Journal dde.crisis de Philippe Grasset
14 novembre 2024 (13H30) – J'emploie ce mot de "réplique" au sens sismique, en général à l'occasion d'un tremblement de terre, ces secousses qui suivent le grand coup, et semblent même avoir la même intensité, avec la prétention de le dépasser ! Depuis le tremblement de terre du 5 novembre 2024, cela ne cesse pas, avec des hauts et des bas tous aussi terribles les uns et les autres.
Pour certains (pour Larry Johnson), les grandes nouvelles d'hier en fin d'après-midi n'étaient pas l'essentiel. Il s'agissait plutôt des possibilités de conflit contre l'Iran, de la part d'un Israël assuré d'un nombre de soutiens impressionnants chez Trump-II. C'est l'essentiel de son article d'hier.

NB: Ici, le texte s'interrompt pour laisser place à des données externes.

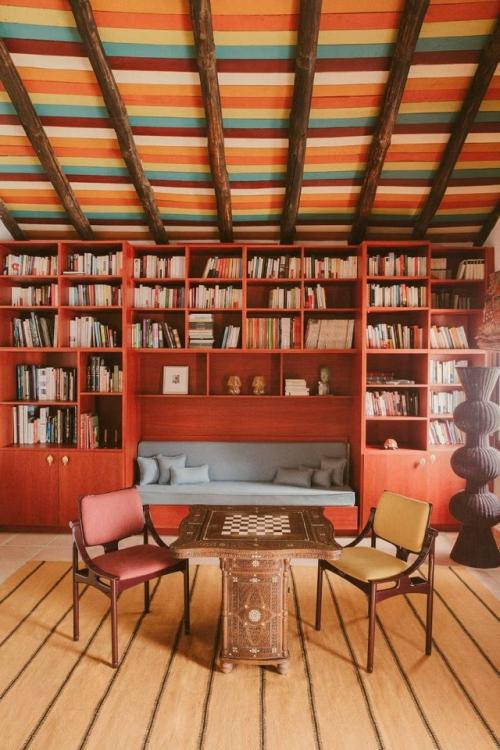 Небольшой отель в андалусии соединил атмосферу старинного поместья с яркими красками и духом модернизма середины века. 02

Après tout son développement dramatique sur Israël et l'Iran, et les possibilités pour les USA (sous le temps du reste de Biden, et sous Trump-II) d'être entrainés dans une guerre mondiale, Johnson note, comme s'il venait manifestement de l'apprendre exactement à l'instant de terminer son article, – ce qui signifie qu'il faut attendre ses réflexions, y compris celles sur Israël-Iran, à la lumière de ces prolongements extraordinaires (Gabbard, Gaetz, Musk-Rawaswamy) :
« J'ai été heureux d'apprendre que Trump a nommé Tulsi Gabbard au poste de directrice du renseignement national. Cela mettra Tulsi dans une position privilégiée pour tenter de restaurer une certaine intégrité dans les communautés du renseignement. Pour commencer, elle est en charge du briefing quotidien présidentiel. Elle veillera à ce que Trump reçoive des informations exactes. Deuxièmement, elle supervisera toutes les actions et programmes secrets. Elle a un bon instinct et est capable de parler directement à Trump et de le mettre en garde contre toute action stupide. Rien ne garantit qu'il l'écoutera, mais au moins il y aura un adulte dans la pièce. »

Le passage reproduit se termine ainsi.